╭──

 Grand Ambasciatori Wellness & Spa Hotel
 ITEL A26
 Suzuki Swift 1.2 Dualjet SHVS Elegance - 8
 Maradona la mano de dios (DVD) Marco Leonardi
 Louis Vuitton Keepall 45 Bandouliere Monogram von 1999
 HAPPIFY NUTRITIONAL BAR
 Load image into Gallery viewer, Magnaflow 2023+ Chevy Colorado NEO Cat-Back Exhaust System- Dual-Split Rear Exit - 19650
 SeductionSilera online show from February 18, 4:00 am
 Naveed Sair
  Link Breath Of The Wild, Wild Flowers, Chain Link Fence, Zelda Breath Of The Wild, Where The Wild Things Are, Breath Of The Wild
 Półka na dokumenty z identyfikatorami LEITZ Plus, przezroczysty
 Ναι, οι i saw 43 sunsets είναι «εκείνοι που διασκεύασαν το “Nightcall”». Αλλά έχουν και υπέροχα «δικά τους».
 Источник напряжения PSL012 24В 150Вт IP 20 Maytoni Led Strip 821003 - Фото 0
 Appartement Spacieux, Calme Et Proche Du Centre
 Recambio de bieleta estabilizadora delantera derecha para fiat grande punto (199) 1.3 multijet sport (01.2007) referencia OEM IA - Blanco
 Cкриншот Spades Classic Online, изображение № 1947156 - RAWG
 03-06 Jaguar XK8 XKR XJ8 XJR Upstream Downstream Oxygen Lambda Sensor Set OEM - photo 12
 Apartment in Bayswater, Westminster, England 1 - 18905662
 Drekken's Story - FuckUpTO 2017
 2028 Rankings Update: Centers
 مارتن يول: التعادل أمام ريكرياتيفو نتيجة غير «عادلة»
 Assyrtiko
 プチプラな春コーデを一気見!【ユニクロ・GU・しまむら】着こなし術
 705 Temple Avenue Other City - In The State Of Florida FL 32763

╰──

Repeat exactly the lines of the listing above, from the one with "Suzuki Swift 1.2 Dualjet SHVS Elegance - 8" down to the one with "Load image into"; both of those lines belong in the range.

 Suzuki Swift 1.2 Dualjet SHVS Elegance - 8
 Maradona la mano de dios (DVD) Marco Leonardi
 Louis Vuitton Keepall 45 Bandouliere Monogram von 1999
 HAPPIFY NUTRITIONAL BAR
 Load image into Gallery viewer, Magnaflow 2023+ Chevy Colorado NEO Cat-Back Exhaust System- Dual-Split Rear Exit - 19650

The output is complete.